Parsing, tagging and lemmatisation resources for Serbian


Parsing, tagging and lemmatisation resources for Serbian

This repository contains the NLP resources for Serbian developed as part of the following work:

Miletic, Aleksandra (2018). Un treebank pour le serbe : constitution et exploitations. Thèse de doctorat. Université de Toulouse - Jean Jaurès, France.

These resources include:

  • ParCoTrain-Synt: a 101K token treebank, manually annotated with POS tags, detailed morphosyntactic tags, atomic morphosyntactic traits, lemmas, and syntactic dependencies.

  • ParCoLex: a morphosyntactic lexicon with 6M entries.

  • Transition-based parsing model: a parsing model created using the Talismane parser.

  • Graph-based parsing model: a parsing model created using the MST parser.

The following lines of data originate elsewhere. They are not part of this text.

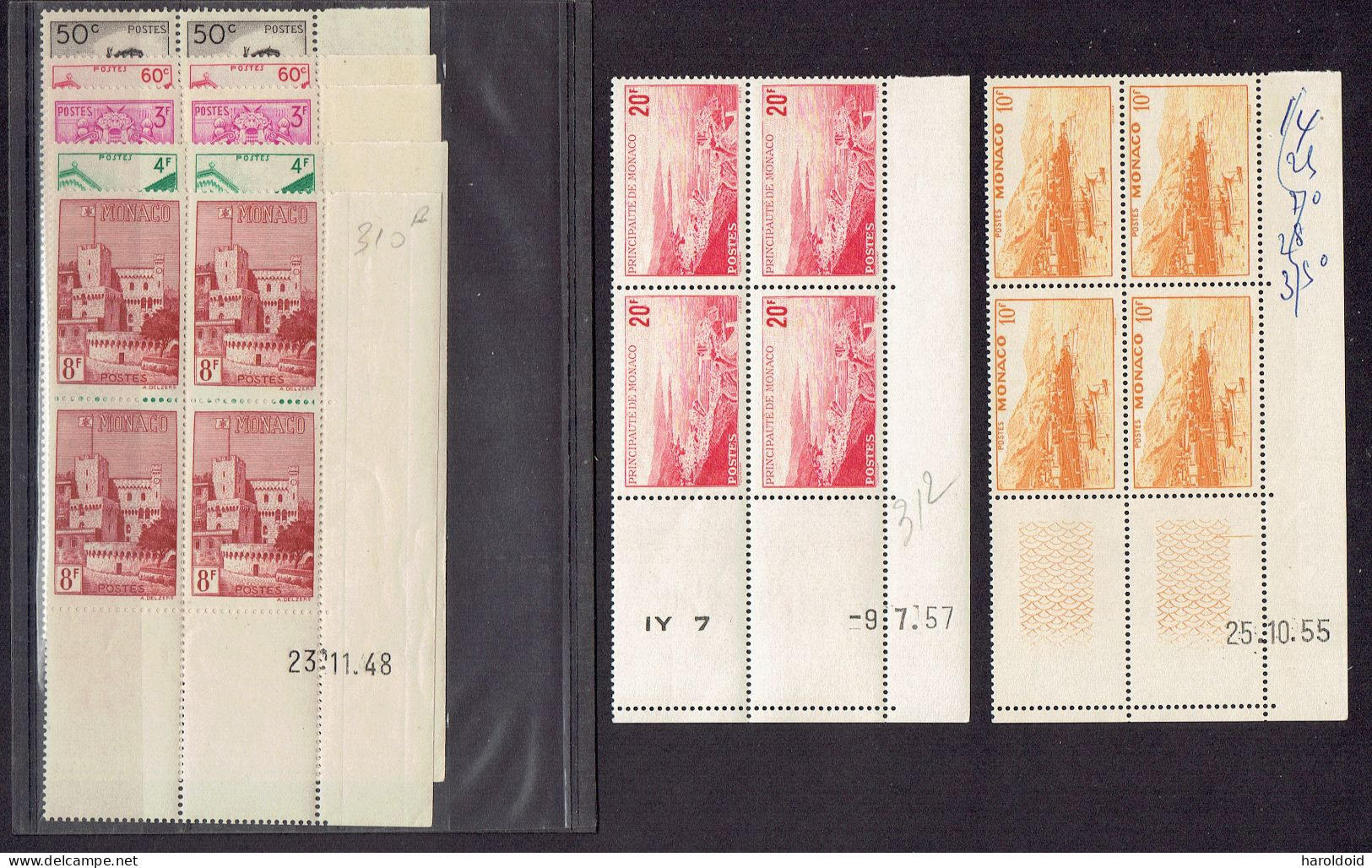 MONACO - TP BLOCS DE 4 COINS DATES - N°307/310 - 310B - 311A/312 - ** MNH - INSCRIPTIONS EN MARGE SUR 1 BLOC - Nuovi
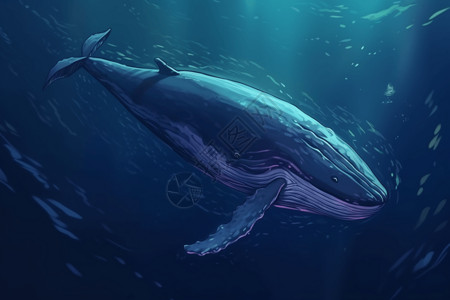 鲸鱼在大海中背景图片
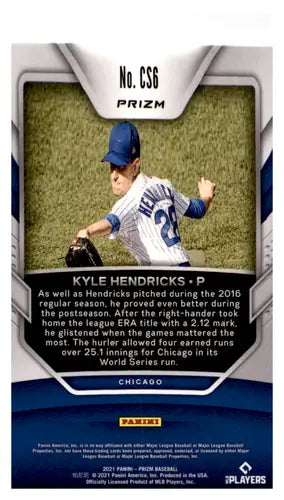 Baseball card featuring Kyle Hendricks from Panini Prizm Championship Stage Silver Prizm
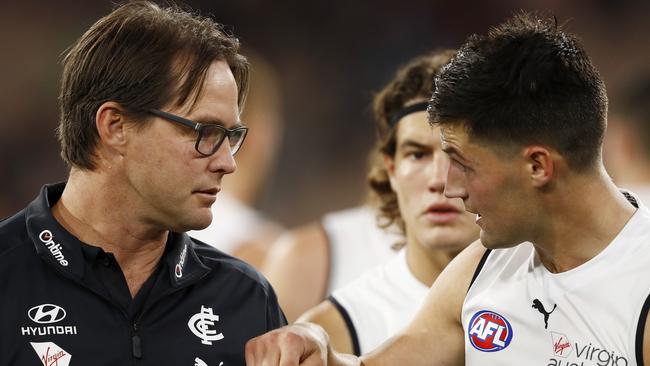 It’s time for David Teague and the Blues to find some defensive steel. Picture: AFL Photos/Getty Images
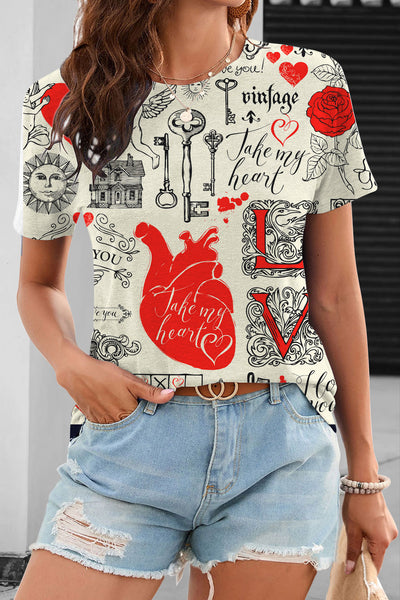 Vintage Newspaper Heart Ink Full Print T-shirt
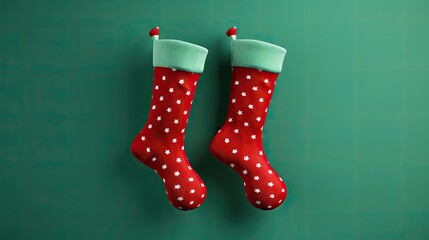 A pair of red socks with white stars hanging on a green background. The socks are empty and have a green cuff. The background is a solid green color.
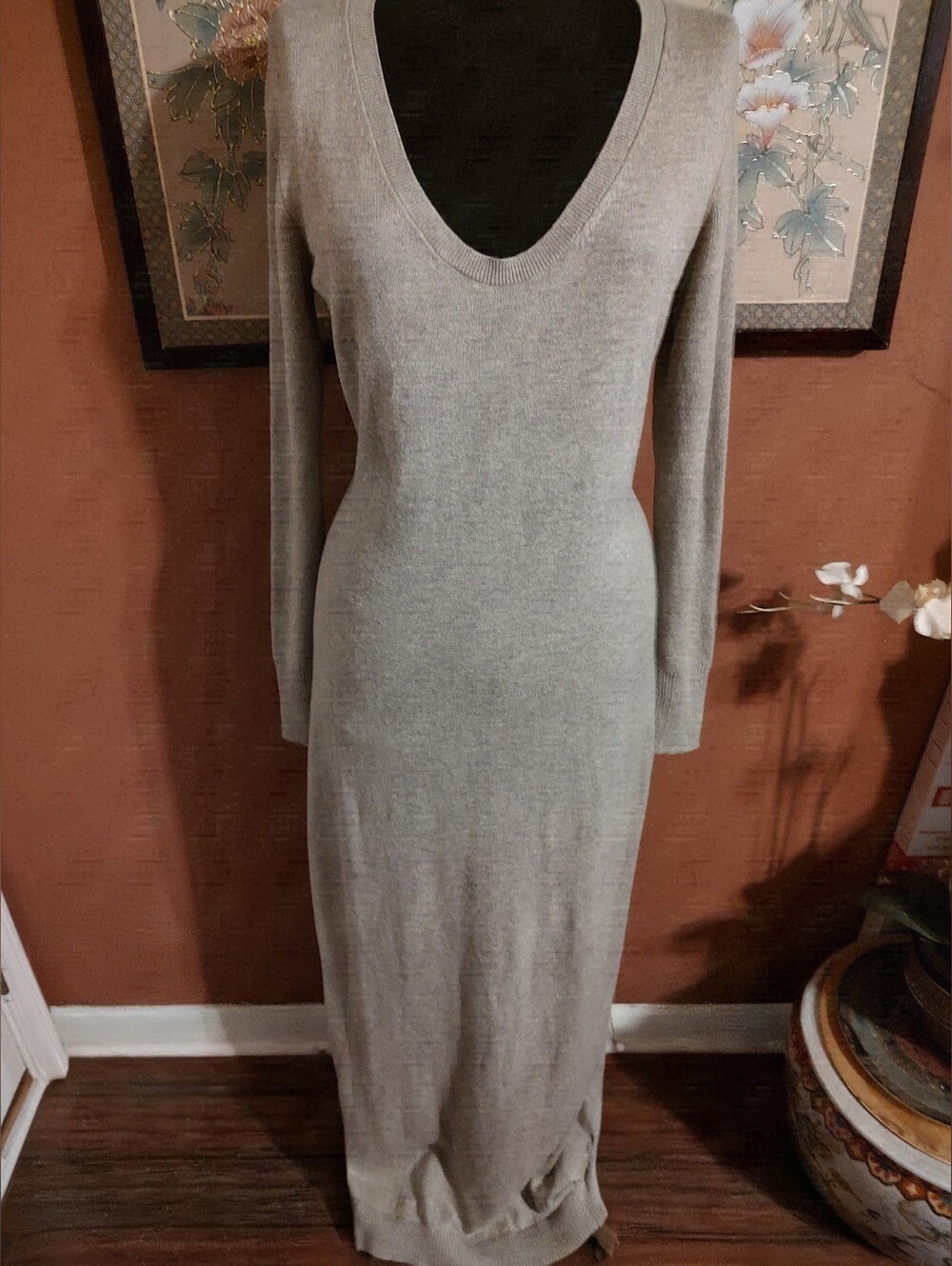 🌹🎀🌹Sexy Vintage VS Cashmere Blend Heathered Mocha Grey Maxi Sweater Dress - M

  • Morphosyntactic-tagging model: a POS tagging model using detailed morphosyntactic tags developed with the HunPOS tagger.

  • Lemmatization model: a lemmatization model developed with the CSTLemma lemmatizer.

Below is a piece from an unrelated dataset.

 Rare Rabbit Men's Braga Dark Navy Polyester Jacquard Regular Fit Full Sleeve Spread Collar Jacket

The parsing and tagging models were trained on the ParCoTrain-Synt corpus, whereas the lemmatization model was trained on a training lexicon adapted from the ParCoLex lexicon.

The corpus and the models trained on it are distributed under the Creative Commons BY-NC-SA 3.0 license. The lexicon and the lemmatization model are distributed under the Creative Commons BY-SA 4.0 license.